[Caption-style text data]:
[Start of section]
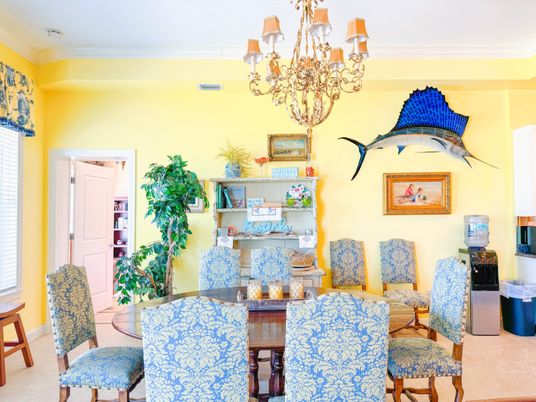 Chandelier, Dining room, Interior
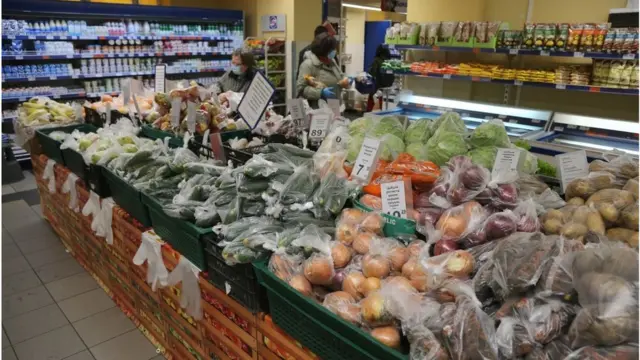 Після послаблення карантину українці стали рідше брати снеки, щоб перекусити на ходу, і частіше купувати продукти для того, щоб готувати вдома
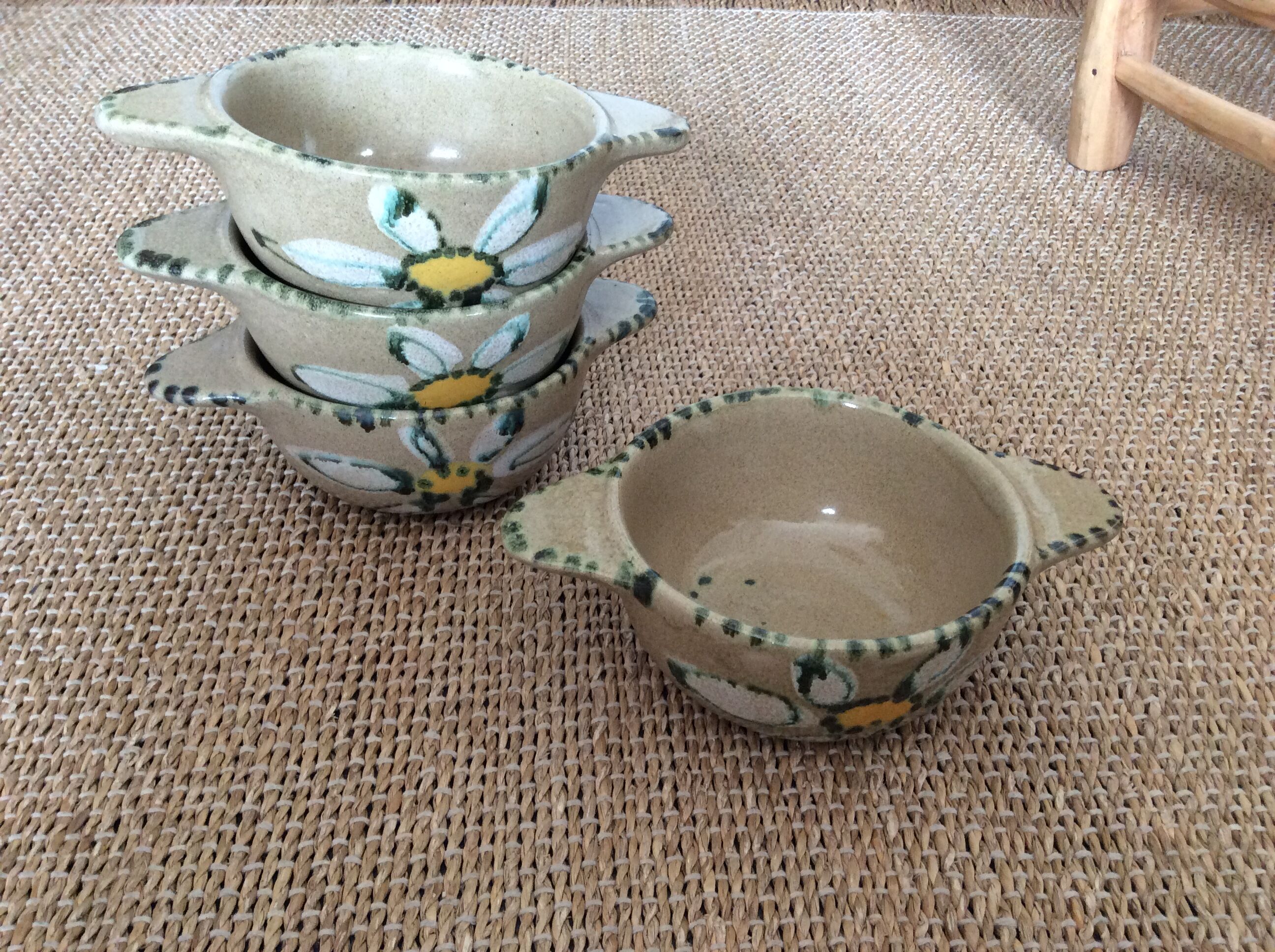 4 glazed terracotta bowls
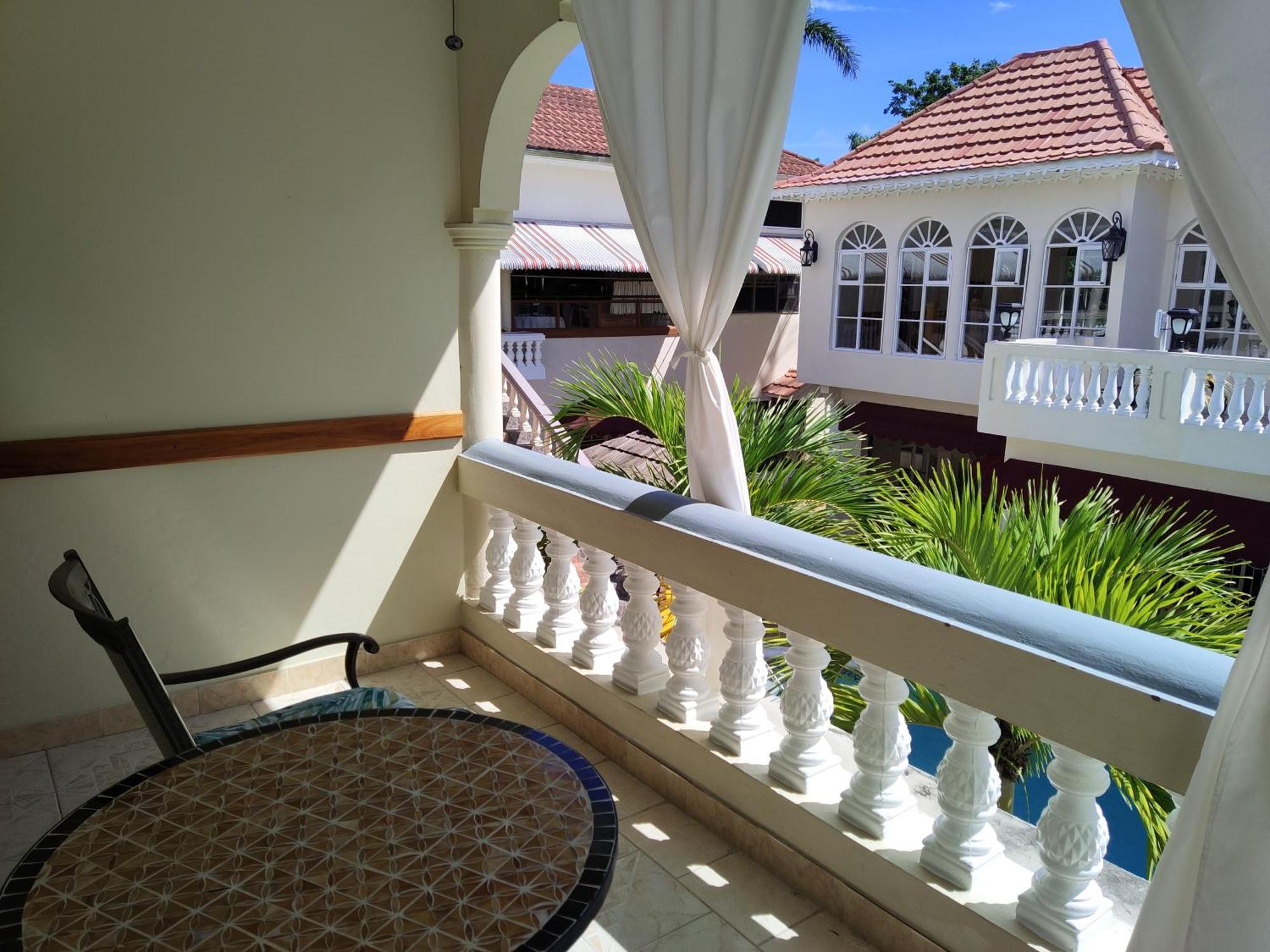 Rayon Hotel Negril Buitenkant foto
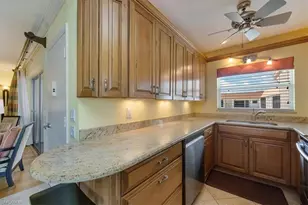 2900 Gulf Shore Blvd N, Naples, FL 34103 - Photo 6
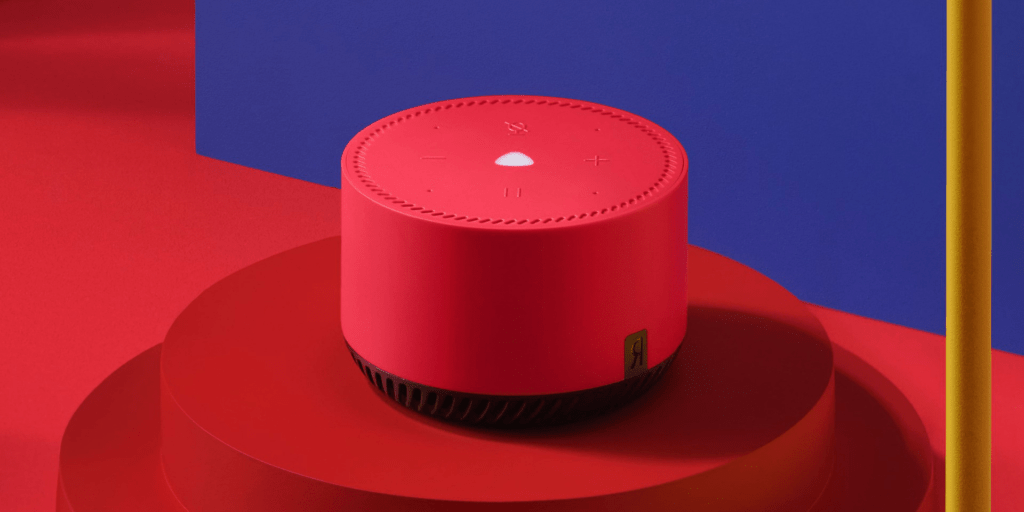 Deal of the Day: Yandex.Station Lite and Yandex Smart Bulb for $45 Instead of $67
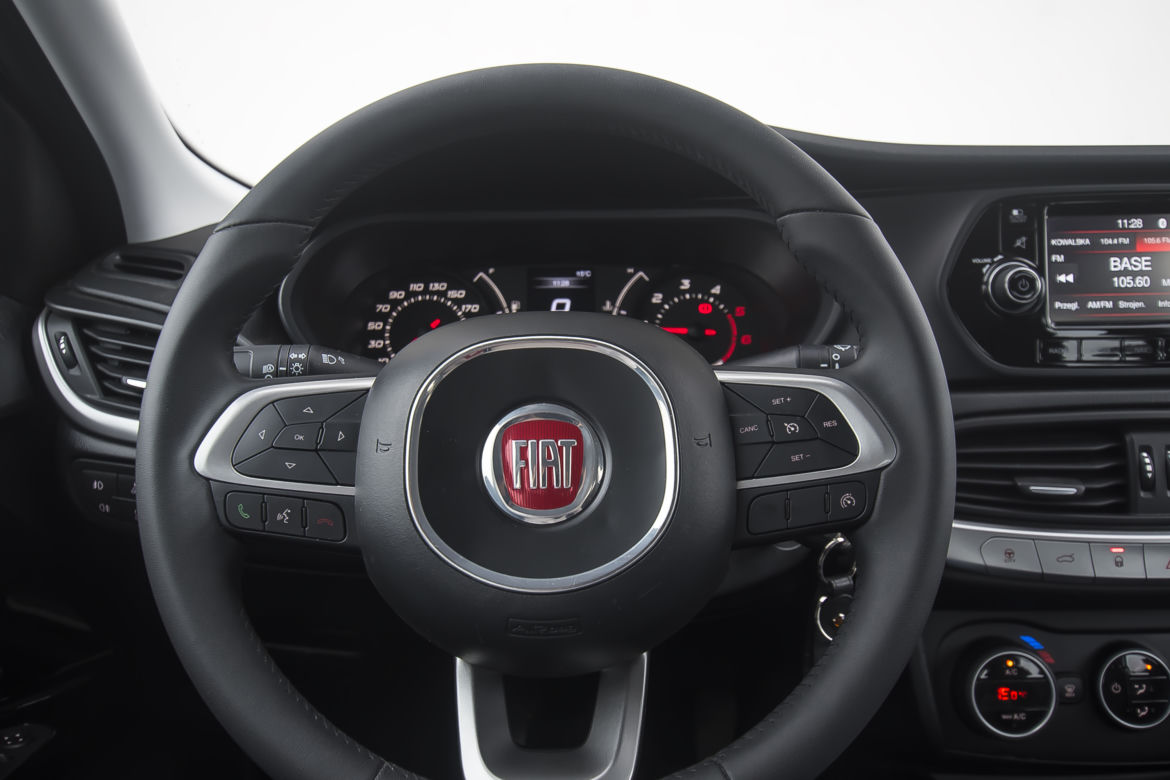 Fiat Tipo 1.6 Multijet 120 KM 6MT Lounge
[End of section]
[Directions for this task]:
Exact copies of the entries above are needed, without their pictures.

[Exercise output]:
 Chandelier, Dining room, Interior
 Після послаблення карантину українці стали рідше брати снеки, щоб перекусити на ходу, і частіше купувати продукти для того, щоб готувати вдома
 4 glazed terracotta bowls
 Rayon Hotel Negril Buitenkant foto
 2900 Gulf Shore Blvd N, Naples, FL 34103 - Photo 6
 Deal of the Day: Yandex.Station Lite and Yandex Smart Bulb for $45 Instead of $67
 Fiat Tipo 1.6 Multijet 120 KM 6MT Lounge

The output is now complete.